**EXERCISE**
Everything in the records except the pictures must be copied out exactly.

**SUPPLIED INFORMATION**

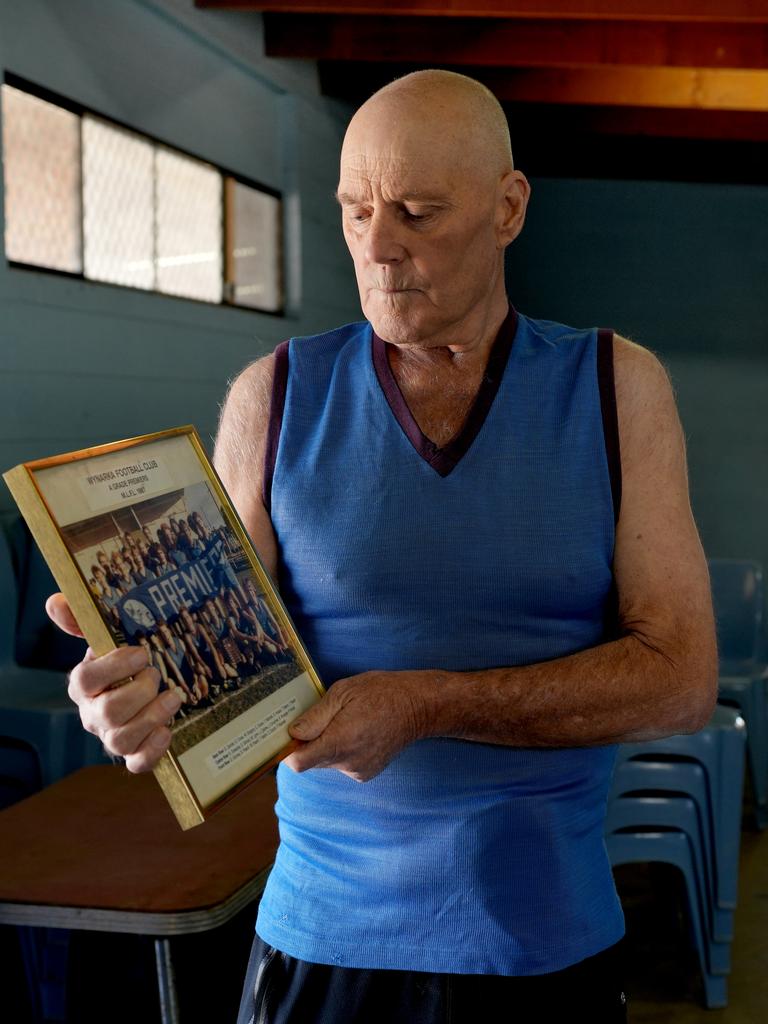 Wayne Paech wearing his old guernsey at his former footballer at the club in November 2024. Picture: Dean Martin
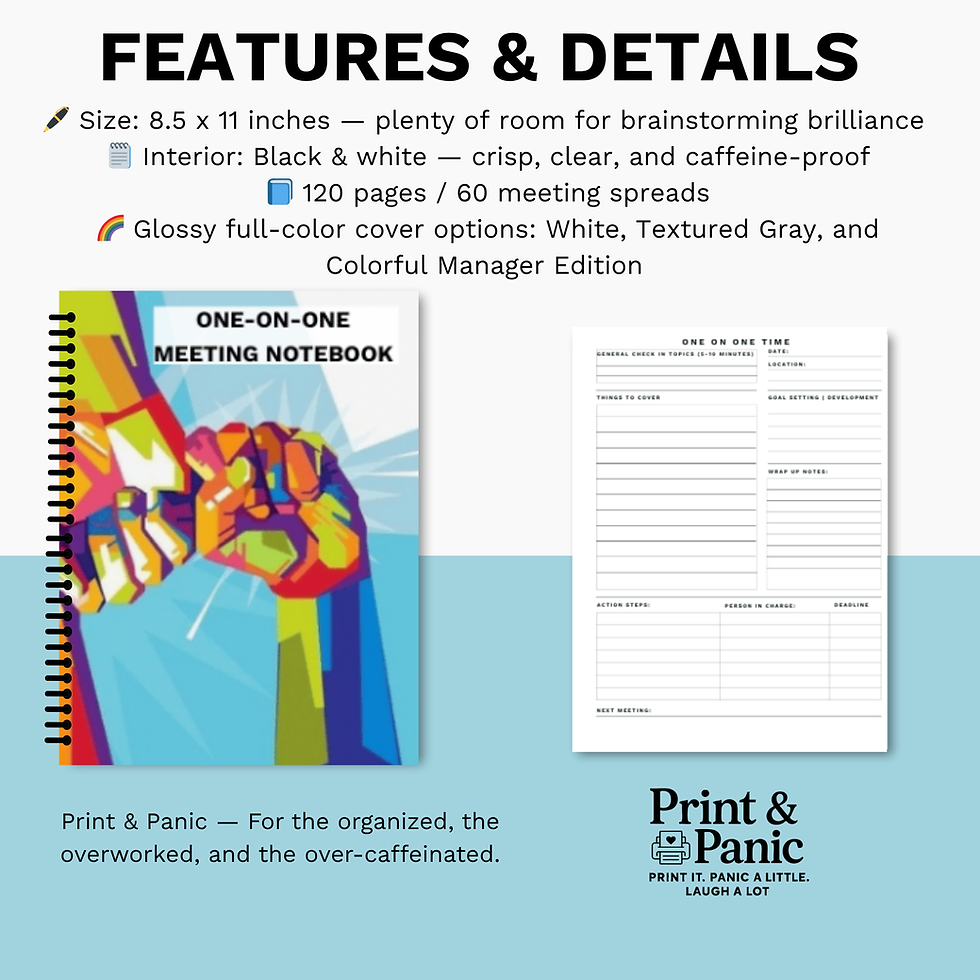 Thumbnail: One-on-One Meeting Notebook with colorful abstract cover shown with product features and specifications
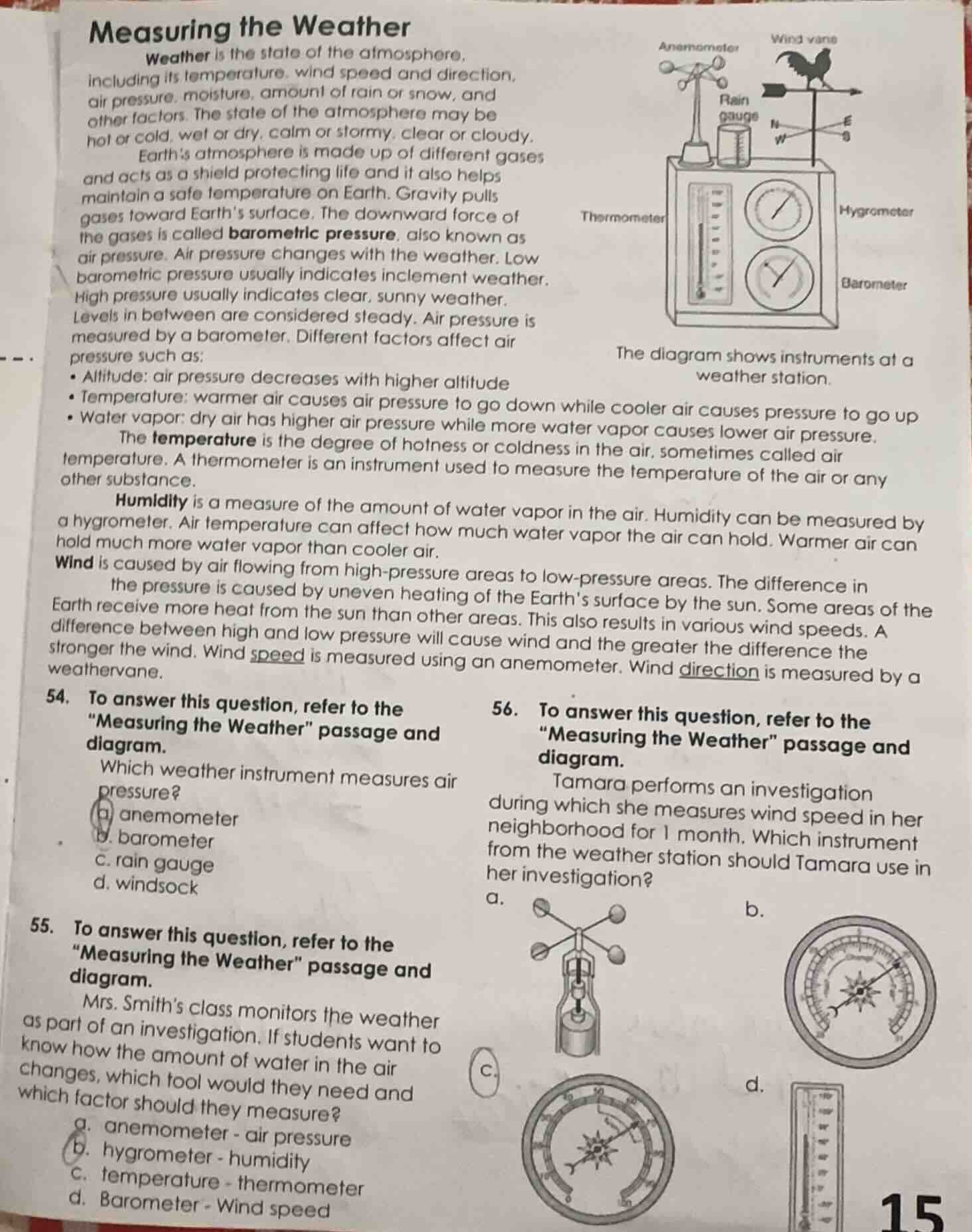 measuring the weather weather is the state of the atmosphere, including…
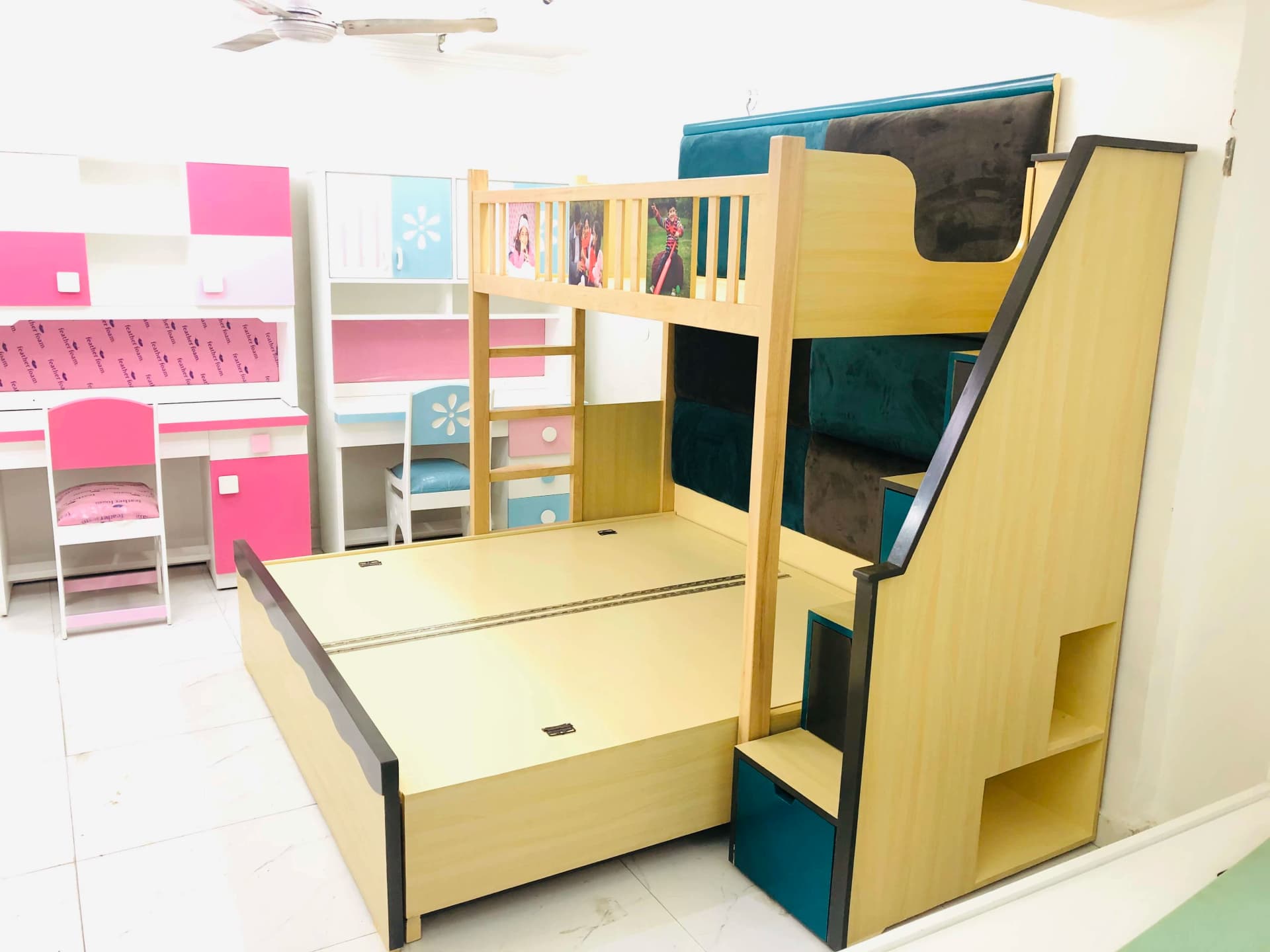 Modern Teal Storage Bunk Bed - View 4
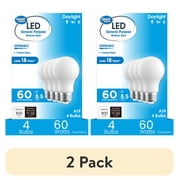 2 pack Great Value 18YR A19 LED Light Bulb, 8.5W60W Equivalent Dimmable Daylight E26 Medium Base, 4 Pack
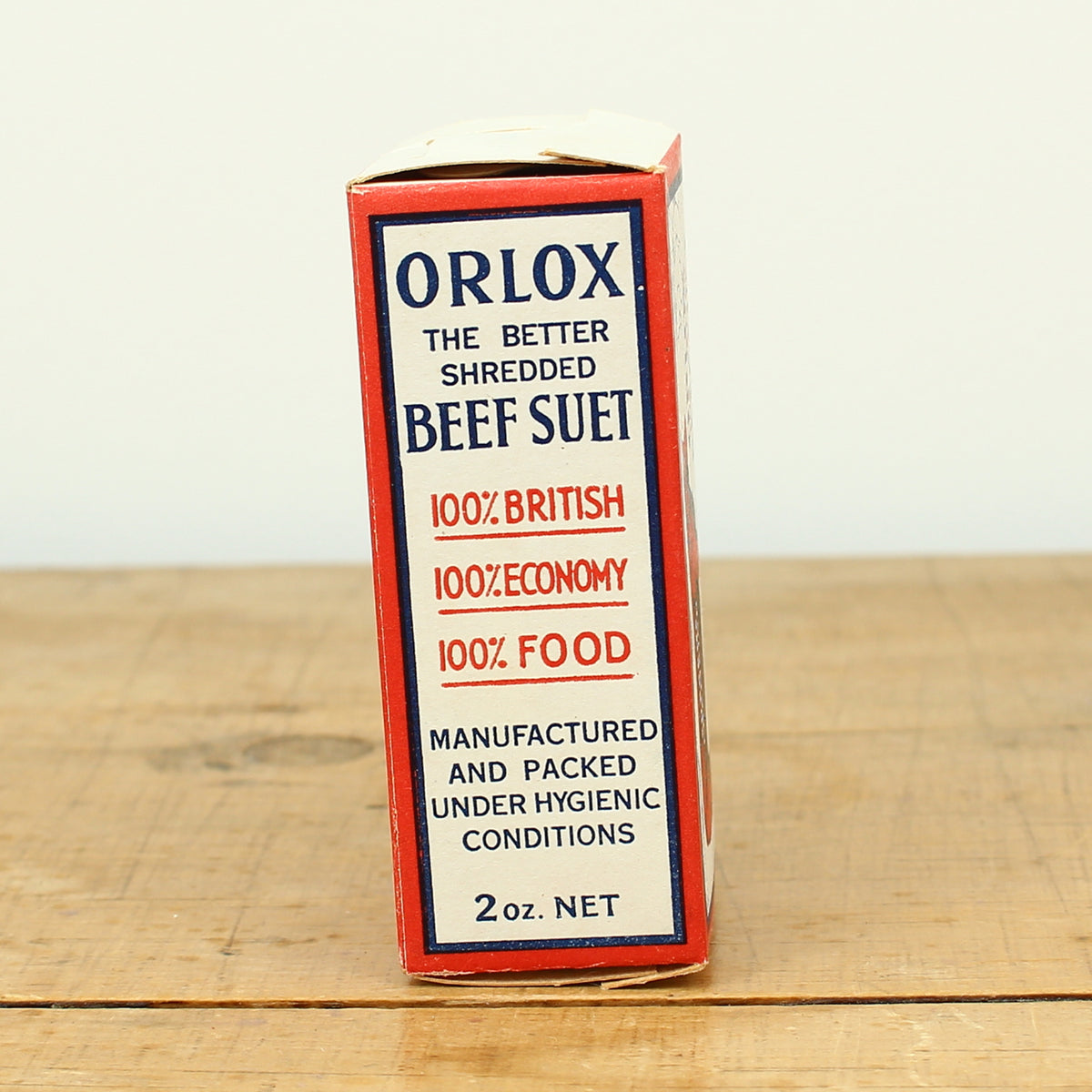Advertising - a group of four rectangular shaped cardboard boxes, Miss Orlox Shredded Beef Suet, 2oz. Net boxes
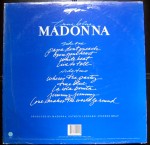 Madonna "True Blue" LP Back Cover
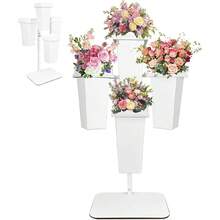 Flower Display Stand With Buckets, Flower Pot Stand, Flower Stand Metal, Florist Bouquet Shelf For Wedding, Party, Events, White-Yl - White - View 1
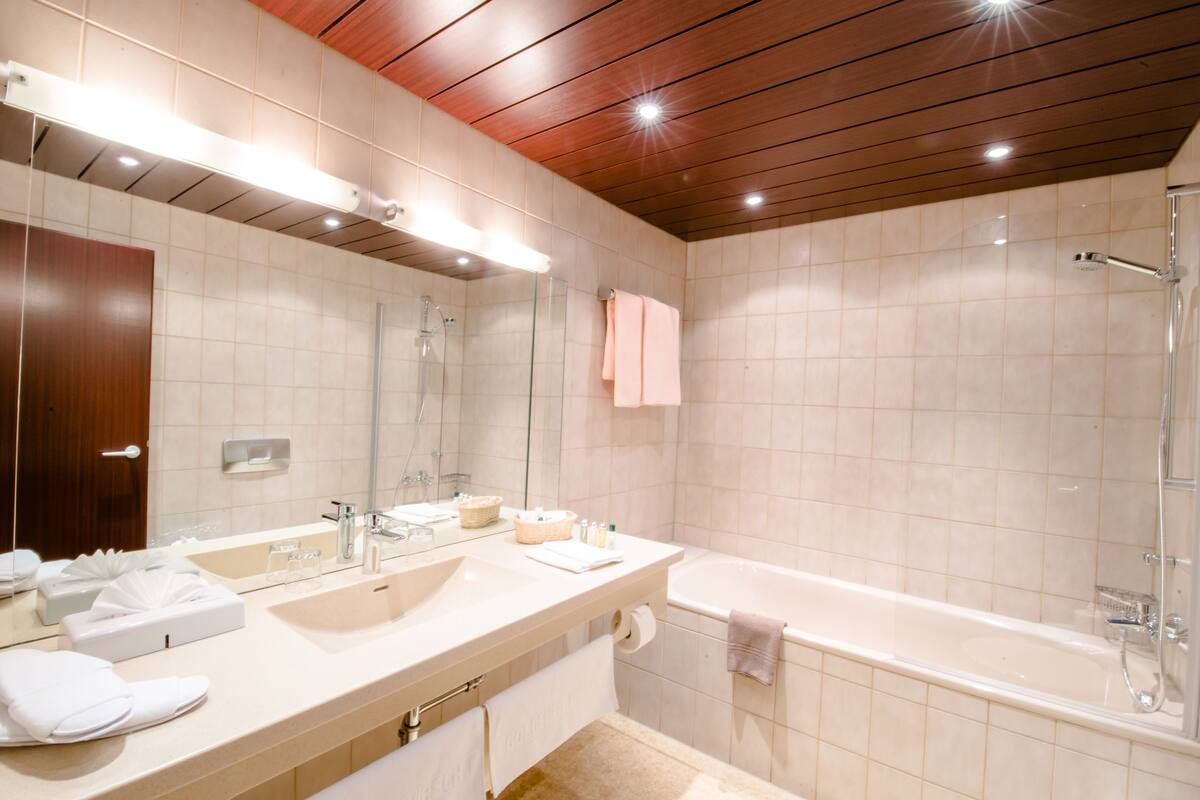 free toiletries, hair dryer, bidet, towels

**EXERCISE RESPONSE**
 Wayne Paech wearing his old guernsey at his former footballer at the club in November 2024. Picture: Dean Martin
 Thumbnail: One-on-One Meeting Notebook with colorful abstract cover shown with product features and specifications
 measuring the weather weather is the state of the atmosphere, including…
 Modern Teal Storage Bunk Bed - View 4
 2 pack Great Value 18YR A19 LED Light Bulb, 8.5W60W Equivalent Dimmable Daylight E26 Medium Base, 4 Pack
Advertising - a group of four rectangular shaped cardboard boxes, Miss Orlox Shredded Beef Suet, 2oz. Net boxes
 Madonna "True Blue" LP Back Cover
 Flower Display Stand With Buckets, Flower Pot Stand, Flower Stand Metal, Florist Bouquet Shelf For Wedding, Party, Events, White-Yl - White - View 1
 free toiletries, hair dryer, bidet, towels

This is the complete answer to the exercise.